- [EXERCISE DIRECTIONS] Using the listing below, reproduce exactly the lines from the one with "SCFOMI22 LR 9" through the last, with all pictures left out.

- [EXTRACTED DATA]

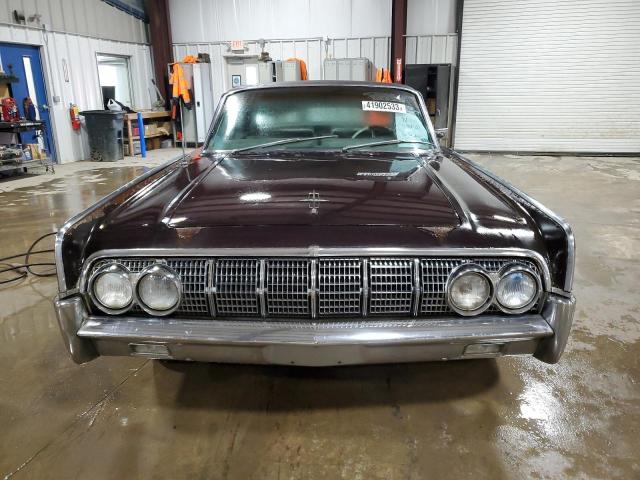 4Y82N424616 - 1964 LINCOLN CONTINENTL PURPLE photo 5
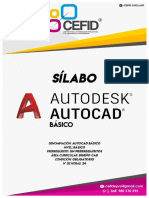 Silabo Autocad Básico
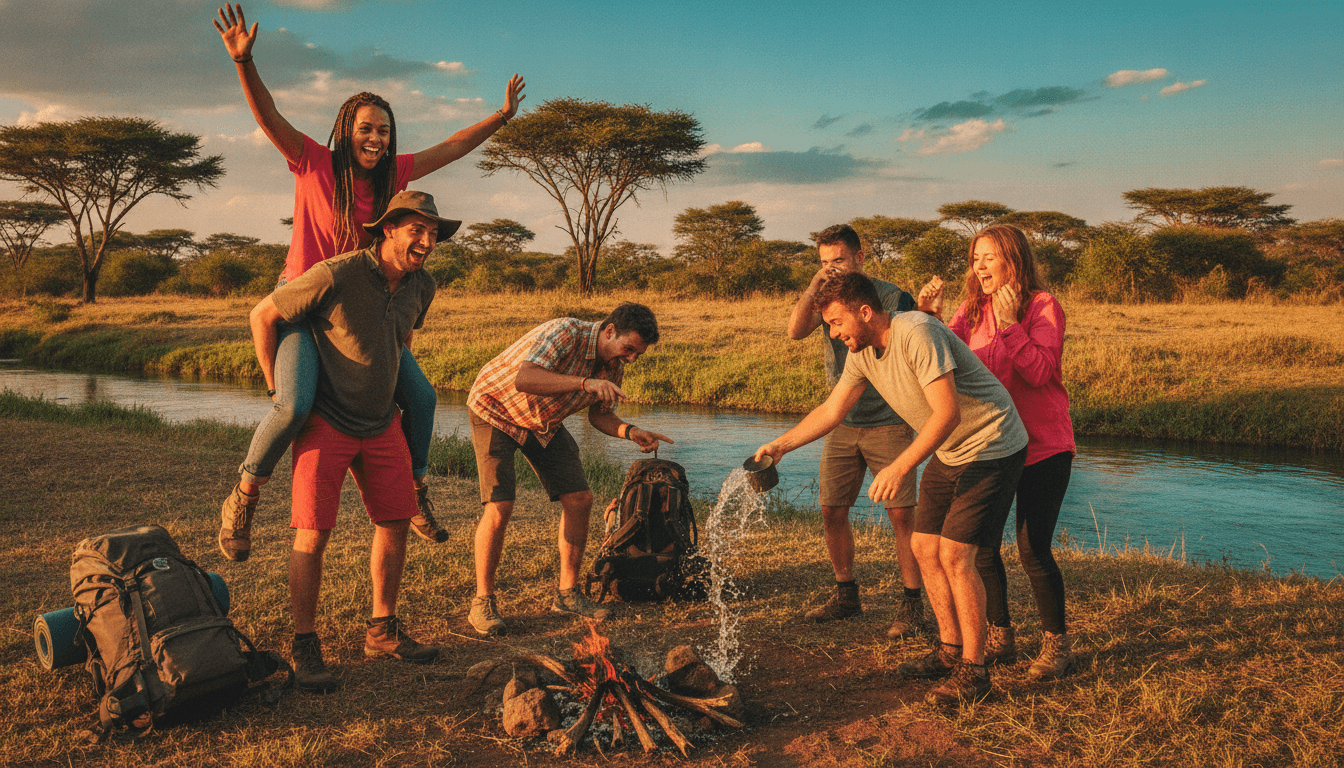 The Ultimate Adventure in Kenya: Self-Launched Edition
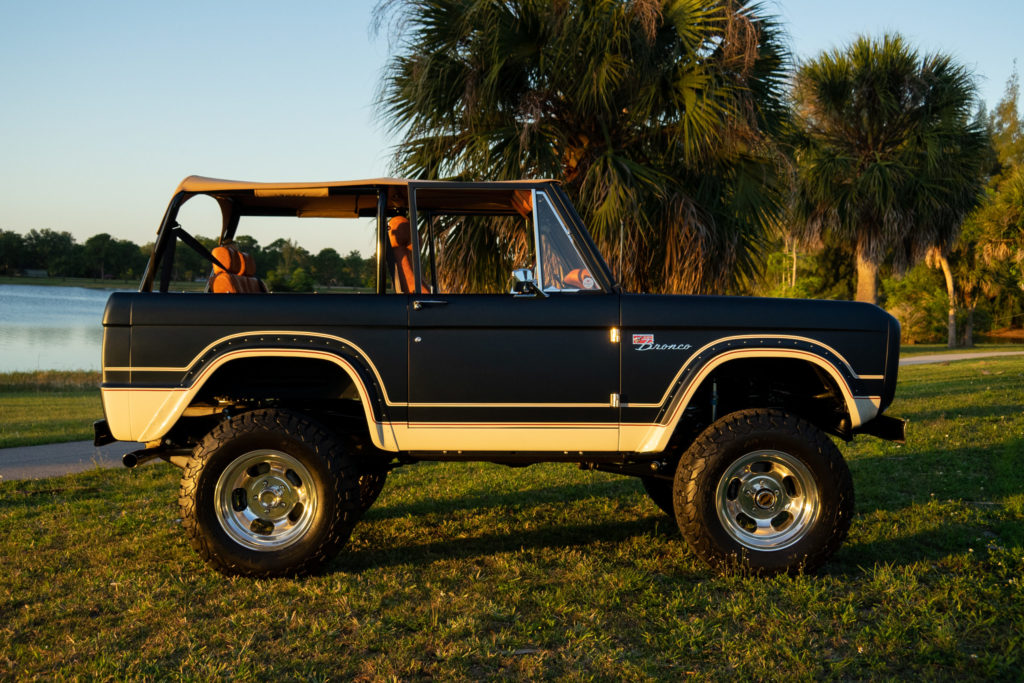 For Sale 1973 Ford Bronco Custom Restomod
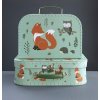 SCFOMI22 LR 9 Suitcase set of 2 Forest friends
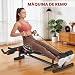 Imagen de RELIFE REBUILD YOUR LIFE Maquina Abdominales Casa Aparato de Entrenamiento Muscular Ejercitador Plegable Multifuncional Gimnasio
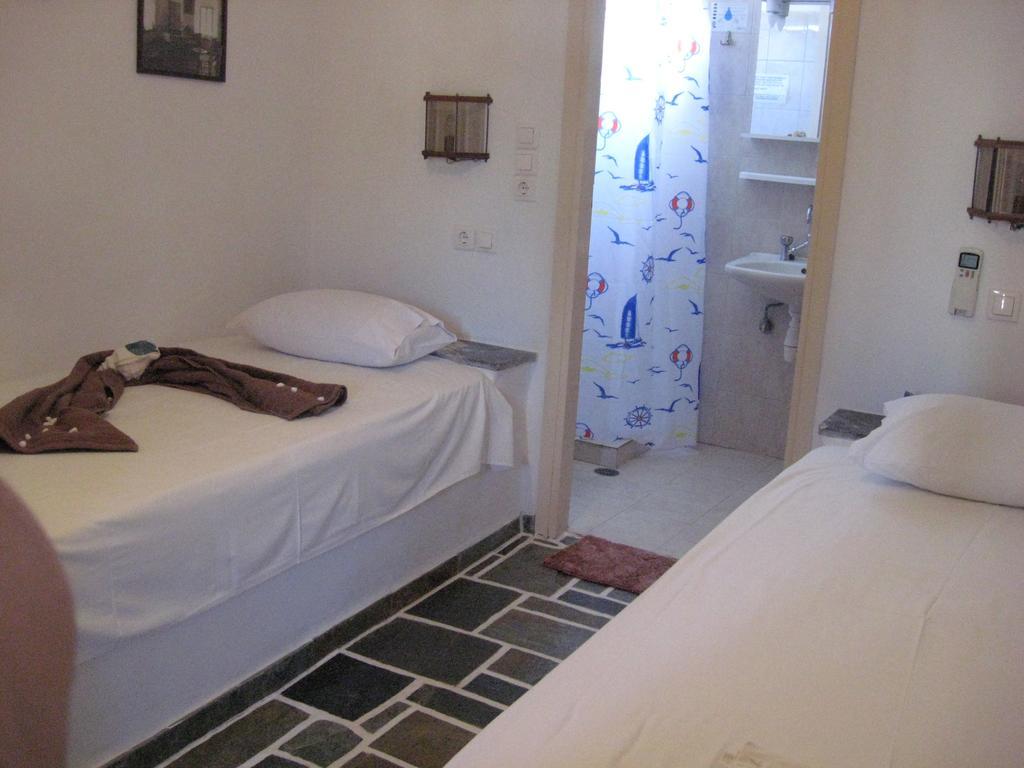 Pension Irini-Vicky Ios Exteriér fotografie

- [EXERCISE RESULT]
 SCFOMI22 LR 9 Suitcase set of 2 Forest friends
 Imagen de RELIFE REBUILD YOUR LIFE Maquina Abdominales Casa Aparato de Entrenamiento Muscular Ejercitador Plegable Multifuncional Gimnasio
 Pension Irini-Vicky Ios Exteriér fotografie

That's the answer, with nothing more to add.